# [Goal of the exercise]
Find the line that holds "Steven Mika's Instagram, Twitter & Facebook", then repeat it and each line below it word for word through the end of the listing, leaving out pictures.

____

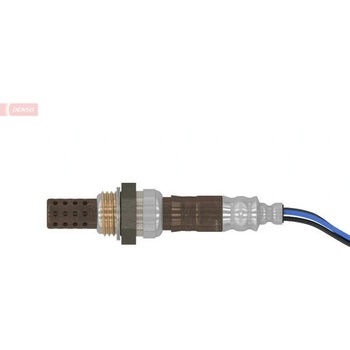 Lambda sonda DENSO DOX-1377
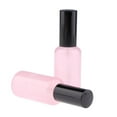 thumbnail image 1 of Botellas Vacías perfecl con Atomizador de Niebla Fina 50ml Rosa, 1 of 7
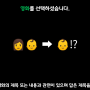 영화8.png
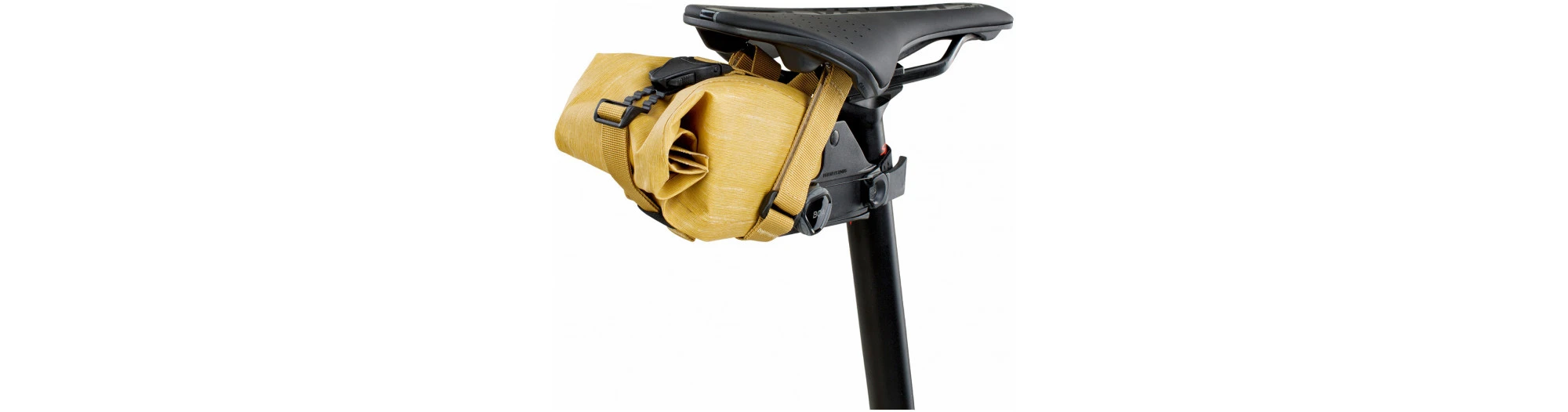 Evoc Sacoche De Selle Seat Pack Boa 1L – Image 4
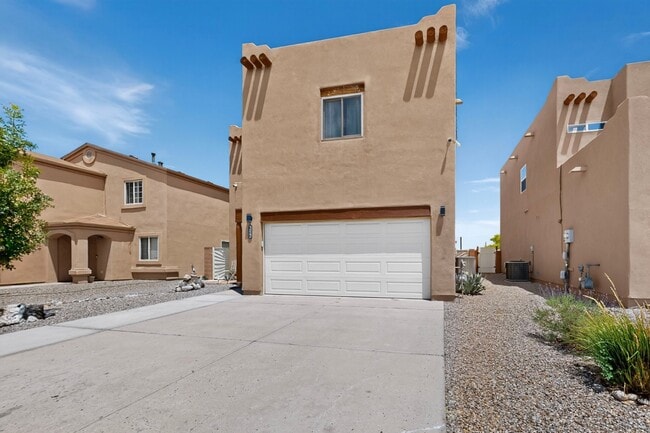 Photo - 624 Torretta Dr SW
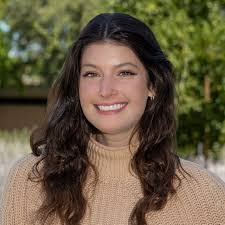 Steven Mika's Instagram, Twitter & Facebook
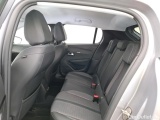  Peugeot  208  Allure Business 1.5 HDi 100CV BVM6 E6d #9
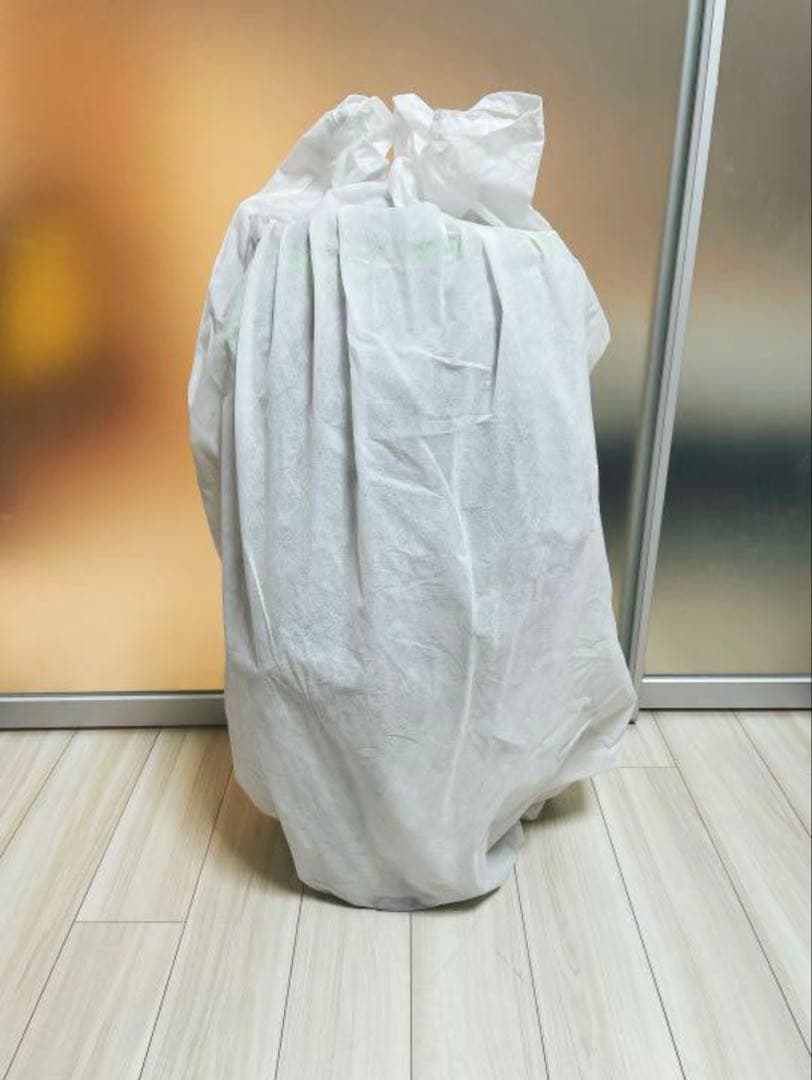 最終価格　☆ 新品 ☆ 超軽量　テーラーメイド キャディバッグ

____

# [Output of the exercise]
 Steven Mika's Instagram, Twitter & Facebook
  Peugeot  208  Allure Business 1.5 HDi 100CV BVM6 E6d #9
 最終価格　☆ 新品 ☆ 超軽量　テーラーメイド キャディバッグ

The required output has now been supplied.